When the (N+1)th batch is generated, this estimated compression ratio will be used (multiplied by a factor of 1.05 for contingency) to estimate the compressed size from the uncompressed size. When the estimated compressed size reaches the batch.size configuration, the batch will be closed and sent to the brokers.

The problem of the current behavior is that this estimation could be off and cause RecordTooLargeException.

For example, if the batch size is set to 1MB and the max message size is 1MB. Initially a the producer is sending messages (each message is 1MB) to topic_1 whose data can be compressed to 1/10 of the original size. After a while the estimated compression ratio in the compressor will be trained to 1/10 and the producer would put 10 messages into one batch. Now the producer starts to send messages (each message is also 1MB) to topic_2 whose message can only be compress to 1/5 of the original size. The producer would still use 1/10 as the estimated compression ratio and put 10 messages into a batch. That batch would be 2 MB after compression which exceeds the maximum message size. In this case the user do not have many options other than resend everything or close the producer if they care about ordering and message loss.

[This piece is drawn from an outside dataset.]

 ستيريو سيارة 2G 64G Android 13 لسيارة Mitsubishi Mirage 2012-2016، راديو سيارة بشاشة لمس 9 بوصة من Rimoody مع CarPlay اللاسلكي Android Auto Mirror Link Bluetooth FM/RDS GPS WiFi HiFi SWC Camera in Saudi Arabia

This is especially an issue for services like MirrorMaker whose producer is shared by many different topics.

This KIP proposes to solve this issue by doing the followings:

Change the way to estimate the compression ratio
Split the oversized batch and resend the split batches.

Public Interfaces

This KIP introduces the following new metric batch-split-rate to the producer. The metric records rate of the batch split occurrence.

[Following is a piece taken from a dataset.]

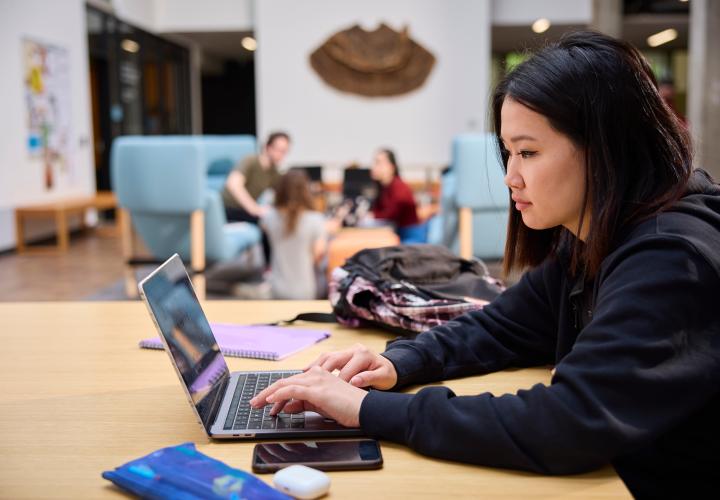 Student working on their laptop in a student commons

Although there is no other public API change, due to the behavior change, users may want to reconsider batch size setting to improve performance.

Proposed Changes

Decompress the batch which encounters a RecordTooLargeException, split it into two and send it again

There are a few things to be think about for this approach:

More overhead introduced on the producer side. The producer have to decompress the batch, regroup the messages and resend them. If the producer keeps the original uncompressed message to avoid potential decompression, it will have huge memory overhead.
The split batches is not guaranteed to be smaller than the max size limit. Potentially there will multiple retries until the messages get through, or fail.
In the scenario such as mirror maker, due to different compression ratio in different topics, some of the topics may have very different compression ratio from the average compression ratio, this will potentially introduce many split and resend, which introduces a lot of overhead.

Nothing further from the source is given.